Montoyo played a season with the Triple-A Ottawa Lynx in 1993 then was promoted for the month of September with the Expos, his only experience as a player in the majors. He attempted a second tour in Montreal in 1996, but realized that his playing time had passed him by.
Montoyo ostensibly began his coaching career when he was asked by the Expos at spring training of 1996 to go down to the lower levels of the minor-league system to work with some of the top young prospects. It was there that he met Vladimir Guerrero embarking on his meteoric rise to the majors. Montoyo sees him as the best minor-league prospect he has seen. Now he will be responsible for Vlad Guerrero, Jr. who is currently ranked as the top prospect in baseball. Full circle.

Vlad Jr









The history of major-league baseball is that when you replace a manager that it is usually someone with the opposite personality traits and skills. While Gibbons was a reluctant convert to the modern wave of analytics, Montoyo is a full-on born-again baseball manager, believing in the shift and in the opportunities to win that are presented by the concept of a pitching opener, rather than a rotation of 100-pitch starters, as pioneered by manager Kevin Cash and the Rays.
Montoyo said he understands the uniqueness of the Jays in major-league baseball, that they are representing an entire country and not just one city. He has experience as a coach for Team Puerto Rico in the World Baseball Classic.
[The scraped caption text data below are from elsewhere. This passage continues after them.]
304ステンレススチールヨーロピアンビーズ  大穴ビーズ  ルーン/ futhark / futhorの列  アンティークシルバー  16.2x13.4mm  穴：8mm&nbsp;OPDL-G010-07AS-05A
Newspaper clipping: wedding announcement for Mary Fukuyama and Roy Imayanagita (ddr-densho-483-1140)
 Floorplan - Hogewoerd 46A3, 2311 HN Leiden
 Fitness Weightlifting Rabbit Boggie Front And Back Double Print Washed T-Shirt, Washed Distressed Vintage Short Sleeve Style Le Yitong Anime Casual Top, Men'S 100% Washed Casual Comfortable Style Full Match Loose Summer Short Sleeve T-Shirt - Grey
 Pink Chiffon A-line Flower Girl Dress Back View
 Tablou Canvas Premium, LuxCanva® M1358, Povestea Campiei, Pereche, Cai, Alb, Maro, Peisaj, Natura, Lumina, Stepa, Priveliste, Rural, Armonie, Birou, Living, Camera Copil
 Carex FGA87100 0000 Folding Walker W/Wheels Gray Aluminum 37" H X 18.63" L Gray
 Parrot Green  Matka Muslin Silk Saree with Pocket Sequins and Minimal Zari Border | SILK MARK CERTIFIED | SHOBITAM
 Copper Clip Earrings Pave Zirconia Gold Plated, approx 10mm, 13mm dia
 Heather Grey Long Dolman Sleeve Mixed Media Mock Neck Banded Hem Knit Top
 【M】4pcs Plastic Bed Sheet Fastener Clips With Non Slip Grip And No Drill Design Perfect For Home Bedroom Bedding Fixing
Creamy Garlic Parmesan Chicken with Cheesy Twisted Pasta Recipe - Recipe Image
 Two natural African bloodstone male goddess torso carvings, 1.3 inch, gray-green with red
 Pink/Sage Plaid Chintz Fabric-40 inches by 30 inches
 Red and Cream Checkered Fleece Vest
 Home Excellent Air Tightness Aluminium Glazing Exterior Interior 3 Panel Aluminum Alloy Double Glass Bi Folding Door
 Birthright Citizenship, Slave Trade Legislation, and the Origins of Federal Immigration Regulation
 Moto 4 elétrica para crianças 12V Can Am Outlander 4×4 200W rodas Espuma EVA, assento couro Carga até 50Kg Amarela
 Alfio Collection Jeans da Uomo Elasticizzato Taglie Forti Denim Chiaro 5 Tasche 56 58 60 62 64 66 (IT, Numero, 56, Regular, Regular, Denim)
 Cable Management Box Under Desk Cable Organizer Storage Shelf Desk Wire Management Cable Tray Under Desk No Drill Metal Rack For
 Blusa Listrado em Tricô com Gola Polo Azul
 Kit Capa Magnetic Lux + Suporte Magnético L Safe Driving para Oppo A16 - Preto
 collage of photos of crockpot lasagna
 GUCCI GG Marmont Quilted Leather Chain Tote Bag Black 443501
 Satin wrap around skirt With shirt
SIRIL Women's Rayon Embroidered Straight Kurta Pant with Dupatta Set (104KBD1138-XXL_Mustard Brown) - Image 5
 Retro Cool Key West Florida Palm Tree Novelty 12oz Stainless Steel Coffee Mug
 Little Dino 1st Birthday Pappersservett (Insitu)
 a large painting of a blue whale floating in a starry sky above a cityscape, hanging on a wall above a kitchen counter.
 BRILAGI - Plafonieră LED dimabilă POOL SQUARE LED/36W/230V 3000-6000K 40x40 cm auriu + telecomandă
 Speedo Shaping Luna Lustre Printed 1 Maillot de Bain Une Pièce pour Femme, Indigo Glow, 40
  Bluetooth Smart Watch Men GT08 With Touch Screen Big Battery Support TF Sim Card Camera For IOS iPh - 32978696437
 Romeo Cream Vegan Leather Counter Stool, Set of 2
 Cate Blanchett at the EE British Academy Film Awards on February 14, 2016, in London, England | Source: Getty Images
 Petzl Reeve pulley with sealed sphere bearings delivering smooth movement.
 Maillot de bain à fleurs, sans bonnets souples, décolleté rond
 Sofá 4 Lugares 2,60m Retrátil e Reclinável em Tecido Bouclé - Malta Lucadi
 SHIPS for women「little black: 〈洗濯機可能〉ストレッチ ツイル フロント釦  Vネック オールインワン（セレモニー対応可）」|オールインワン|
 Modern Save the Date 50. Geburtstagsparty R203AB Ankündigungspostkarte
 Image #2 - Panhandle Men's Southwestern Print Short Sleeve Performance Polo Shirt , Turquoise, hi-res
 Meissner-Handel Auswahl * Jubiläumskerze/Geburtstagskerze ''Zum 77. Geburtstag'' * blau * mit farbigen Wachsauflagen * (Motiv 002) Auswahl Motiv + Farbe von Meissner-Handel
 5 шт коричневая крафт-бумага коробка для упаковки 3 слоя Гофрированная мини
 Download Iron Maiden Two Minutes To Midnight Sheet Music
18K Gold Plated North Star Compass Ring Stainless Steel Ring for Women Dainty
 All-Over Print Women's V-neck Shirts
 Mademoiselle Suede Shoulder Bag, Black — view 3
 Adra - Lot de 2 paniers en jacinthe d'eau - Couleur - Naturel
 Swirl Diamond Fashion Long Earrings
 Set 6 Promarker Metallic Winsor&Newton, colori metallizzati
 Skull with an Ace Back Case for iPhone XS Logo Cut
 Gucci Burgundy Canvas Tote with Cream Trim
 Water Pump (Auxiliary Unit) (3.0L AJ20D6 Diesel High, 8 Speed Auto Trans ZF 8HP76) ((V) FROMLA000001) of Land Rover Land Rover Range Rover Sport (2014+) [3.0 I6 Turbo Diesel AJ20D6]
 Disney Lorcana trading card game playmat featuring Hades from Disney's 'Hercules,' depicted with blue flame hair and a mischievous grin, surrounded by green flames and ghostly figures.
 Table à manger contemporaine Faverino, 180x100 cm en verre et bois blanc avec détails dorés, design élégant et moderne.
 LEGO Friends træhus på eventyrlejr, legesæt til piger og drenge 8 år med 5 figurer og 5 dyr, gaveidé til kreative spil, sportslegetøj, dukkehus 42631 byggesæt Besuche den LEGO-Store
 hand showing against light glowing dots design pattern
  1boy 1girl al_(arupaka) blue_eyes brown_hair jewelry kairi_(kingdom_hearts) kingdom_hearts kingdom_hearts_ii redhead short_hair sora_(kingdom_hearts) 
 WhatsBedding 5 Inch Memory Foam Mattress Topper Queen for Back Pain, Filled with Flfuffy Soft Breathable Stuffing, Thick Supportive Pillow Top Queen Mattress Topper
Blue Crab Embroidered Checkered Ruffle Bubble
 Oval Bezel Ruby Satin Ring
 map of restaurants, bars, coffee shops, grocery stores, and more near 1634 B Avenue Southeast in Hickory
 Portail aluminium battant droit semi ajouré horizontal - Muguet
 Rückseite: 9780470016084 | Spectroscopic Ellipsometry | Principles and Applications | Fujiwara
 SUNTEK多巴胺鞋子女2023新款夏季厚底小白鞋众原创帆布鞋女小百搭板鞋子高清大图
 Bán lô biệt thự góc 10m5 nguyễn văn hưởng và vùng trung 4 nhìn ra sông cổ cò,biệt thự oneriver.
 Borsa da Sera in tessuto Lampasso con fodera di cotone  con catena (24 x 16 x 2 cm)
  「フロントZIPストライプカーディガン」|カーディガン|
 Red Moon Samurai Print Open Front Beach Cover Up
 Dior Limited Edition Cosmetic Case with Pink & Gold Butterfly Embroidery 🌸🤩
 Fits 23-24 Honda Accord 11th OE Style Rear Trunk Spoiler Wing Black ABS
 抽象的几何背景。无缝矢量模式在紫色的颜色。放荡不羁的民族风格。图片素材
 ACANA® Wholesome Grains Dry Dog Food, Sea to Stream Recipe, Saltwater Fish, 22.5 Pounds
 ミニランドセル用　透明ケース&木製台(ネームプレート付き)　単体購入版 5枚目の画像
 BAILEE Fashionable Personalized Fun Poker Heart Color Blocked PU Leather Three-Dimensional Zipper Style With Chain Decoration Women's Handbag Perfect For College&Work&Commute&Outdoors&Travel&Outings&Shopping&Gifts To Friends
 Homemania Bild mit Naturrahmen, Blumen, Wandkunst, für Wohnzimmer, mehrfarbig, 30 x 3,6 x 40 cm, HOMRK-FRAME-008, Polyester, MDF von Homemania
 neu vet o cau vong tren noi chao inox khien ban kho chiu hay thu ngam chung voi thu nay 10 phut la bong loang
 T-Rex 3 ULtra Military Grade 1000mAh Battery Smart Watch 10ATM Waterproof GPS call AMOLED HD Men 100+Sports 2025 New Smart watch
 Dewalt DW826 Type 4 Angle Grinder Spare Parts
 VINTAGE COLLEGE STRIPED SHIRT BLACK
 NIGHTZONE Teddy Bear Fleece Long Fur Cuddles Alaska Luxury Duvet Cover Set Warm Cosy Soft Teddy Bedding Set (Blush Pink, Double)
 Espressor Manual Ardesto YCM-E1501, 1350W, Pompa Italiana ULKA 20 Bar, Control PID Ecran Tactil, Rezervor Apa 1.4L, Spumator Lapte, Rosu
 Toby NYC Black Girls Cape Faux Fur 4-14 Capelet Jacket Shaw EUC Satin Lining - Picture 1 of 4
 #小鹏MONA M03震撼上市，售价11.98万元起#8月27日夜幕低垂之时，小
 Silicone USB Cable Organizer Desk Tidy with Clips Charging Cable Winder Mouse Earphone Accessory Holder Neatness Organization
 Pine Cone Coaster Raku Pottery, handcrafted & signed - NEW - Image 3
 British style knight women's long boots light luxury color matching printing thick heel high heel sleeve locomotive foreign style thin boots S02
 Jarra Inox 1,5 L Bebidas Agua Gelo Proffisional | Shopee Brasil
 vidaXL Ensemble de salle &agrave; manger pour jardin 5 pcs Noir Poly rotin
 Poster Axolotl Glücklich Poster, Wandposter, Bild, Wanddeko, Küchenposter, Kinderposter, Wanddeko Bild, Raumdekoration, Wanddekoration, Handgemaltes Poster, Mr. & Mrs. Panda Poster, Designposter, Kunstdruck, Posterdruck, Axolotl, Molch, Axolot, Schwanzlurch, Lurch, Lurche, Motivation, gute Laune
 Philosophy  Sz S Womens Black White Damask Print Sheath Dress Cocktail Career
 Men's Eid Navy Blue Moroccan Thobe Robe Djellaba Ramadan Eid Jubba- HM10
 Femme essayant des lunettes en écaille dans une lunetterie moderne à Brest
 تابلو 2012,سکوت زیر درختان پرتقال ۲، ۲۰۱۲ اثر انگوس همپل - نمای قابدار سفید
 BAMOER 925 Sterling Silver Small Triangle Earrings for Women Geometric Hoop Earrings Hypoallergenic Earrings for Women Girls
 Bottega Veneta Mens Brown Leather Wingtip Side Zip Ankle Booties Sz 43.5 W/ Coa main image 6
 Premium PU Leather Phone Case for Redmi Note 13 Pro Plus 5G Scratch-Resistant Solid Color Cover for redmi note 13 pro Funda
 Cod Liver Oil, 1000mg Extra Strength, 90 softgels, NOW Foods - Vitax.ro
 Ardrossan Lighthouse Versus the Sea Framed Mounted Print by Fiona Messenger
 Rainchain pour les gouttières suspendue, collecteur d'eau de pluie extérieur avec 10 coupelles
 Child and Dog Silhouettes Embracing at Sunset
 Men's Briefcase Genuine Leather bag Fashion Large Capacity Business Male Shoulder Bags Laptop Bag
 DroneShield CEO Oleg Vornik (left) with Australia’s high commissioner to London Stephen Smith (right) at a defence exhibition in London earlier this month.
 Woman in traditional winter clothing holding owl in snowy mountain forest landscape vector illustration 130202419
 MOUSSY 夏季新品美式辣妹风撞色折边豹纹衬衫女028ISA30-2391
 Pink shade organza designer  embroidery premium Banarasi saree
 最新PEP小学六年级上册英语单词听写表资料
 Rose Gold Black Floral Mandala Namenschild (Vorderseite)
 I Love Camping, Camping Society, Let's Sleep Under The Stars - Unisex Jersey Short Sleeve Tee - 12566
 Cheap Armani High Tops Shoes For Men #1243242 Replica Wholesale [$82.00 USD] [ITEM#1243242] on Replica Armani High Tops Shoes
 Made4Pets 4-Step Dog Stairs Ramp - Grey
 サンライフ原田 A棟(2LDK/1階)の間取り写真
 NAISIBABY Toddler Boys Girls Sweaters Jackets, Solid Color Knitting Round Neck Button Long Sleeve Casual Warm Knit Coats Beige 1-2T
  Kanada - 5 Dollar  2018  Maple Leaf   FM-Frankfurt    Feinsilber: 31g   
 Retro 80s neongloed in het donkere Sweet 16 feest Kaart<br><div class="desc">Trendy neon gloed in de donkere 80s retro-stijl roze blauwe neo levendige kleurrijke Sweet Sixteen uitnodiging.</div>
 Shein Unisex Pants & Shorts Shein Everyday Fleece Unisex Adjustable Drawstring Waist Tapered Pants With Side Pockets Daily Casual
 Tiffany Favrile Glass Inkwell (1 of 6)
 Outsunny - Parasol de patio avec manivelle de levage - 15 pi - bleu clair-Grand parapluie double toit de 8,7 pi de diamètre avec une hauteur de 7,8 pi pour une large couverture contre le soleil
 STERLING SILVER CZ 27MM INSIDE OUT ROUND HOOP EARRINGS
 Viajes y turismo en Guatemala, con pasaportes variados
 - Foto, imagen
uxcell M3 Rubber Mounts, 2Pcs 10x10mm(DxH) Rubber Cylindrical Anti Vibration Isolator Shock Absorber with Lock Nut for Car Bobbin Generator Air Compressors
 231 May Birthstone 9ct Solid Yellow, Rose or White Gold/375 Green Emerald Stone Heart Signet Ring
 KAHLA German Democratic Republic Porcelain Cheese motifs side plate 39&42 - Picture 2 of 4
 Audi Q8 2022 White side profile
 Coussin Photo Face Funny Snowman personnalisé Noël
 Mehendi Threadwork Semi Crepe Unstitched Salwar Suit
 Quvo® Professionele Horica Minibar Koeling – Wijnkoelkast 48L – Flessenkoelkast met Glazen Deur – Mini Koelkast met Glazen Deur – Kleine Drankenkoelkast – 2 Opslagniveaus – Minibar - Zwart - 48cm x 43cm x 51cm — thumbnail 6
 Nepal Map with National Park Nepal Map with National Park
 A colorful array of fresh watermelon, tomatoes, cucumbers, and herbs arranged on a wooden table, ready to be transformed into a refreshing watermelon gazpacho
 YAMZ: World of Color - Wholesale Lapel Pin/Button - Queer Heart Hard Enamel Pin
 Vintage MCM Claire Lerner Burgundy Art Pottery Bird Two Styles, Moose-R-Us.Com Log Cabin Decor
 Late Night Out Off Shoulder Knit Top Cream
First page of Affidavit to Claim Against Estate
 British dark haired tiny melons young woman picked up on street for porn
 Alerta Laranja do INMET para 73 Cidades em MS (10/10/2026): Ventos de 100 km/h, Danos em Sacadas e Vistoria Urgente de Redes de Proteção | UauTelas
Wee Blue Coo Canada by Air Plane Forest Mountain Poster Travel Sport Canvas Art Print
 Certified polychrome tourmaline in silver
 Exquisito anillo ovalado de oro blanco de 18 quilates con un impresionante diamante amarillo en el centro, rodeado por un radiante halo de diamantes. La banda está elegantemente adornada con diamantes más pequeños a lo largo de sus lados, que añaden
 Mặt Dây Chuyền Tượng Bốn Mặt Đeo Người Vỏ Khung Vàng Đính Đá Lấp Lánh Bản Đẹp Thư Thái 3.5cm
 Baseball has always been a copycat game and no longer are front offices reluctant to hire first-year managers, following the recent success of the Red Sox with Alex Cora, the Yankees with Aaron Boone, the Dodgers with Dave Roberts and the Rays with Cash. Montoyo becomes the third minority manager hired by the Jays in the 42 seasons of the franchise, following Cito Gaston (African-American) and Carlos Tosca (Cuban-American). Montoyo’s ability to speak Spanish is a bonus, but was not considered a necessity for the rebuilding Jays.

It seems clear the Blue Jays had certain requirements as part of the interview process for a manager to replace the departed Gibbons. They were looking for a first-time MLB manager with a knowledge of and respect for analytics who had also spent time in a major-league dugout as a coach. The list was down to three.

 Following a preliminary round of phone interviews conducted by Jays’ GM Ross Atkins, it came down to five in-person interviews over the past 14 days. That select group included Giants’ farm director David Bell, Rays’ coach Rocco Baldelli, Rays’ bench coach Charlie Montoyo, Astros’ bench coach Joe Espada and Cubs’ bench coach Brandon Hyde. With Bell deciding to head to the Reds and with the Twins deciding on Baldelli, that effectively left the Jays with three leading candidates.
 There had been lively speculation for two months about other candidates, a list that included two-time Pacific Coast League manager-of-the-Year, Canadian baseball icon Stubby Clapp, former Indians and M’s manager Eric Wedge, currently Jays’ minor-league field coordinator, current Jays’ bench coach Demarlo Hale and the organization’s Double-A New Hampshire manager, John Schneider, who has been with the organization since 2006, working with many of the young players about to make the breakthrough to the majors with a rebuilding squad in 2019.


Espada, 43, was considered a Jays’ front-runner because of the similar path he had taken to Cora, a young Puerto Rican coach graduating from Astros’ bench coach to a major-league managerial position for his first posting. Espada had experience with the Yankees as a third-base coach and spent a season out of uniform in New York’s front office working with GM Brian Cashman.
Hyde, 45, was a strong and interesting candidate for the position, having spent five years as a Marlins’ minor-league player, five years as a minor-league manager, then rising to the majors as a coach with the Marlins and the Cubs, spending the past four years with Joe Maddon.
The Jays coaching staff under John Gibbons all are signed through the 2019 season, but it is expected that at least 2-3 of them will choose to accept jobs elsewhere. Gibbons staff included Hale, pitching coach Pete Walker, hitting coach Brook Jacoby, third-base coach Luis Rivera, first-base coach Tim Leiper, bullpen coach Dane Johnson and quality control coach Mike Mordecai.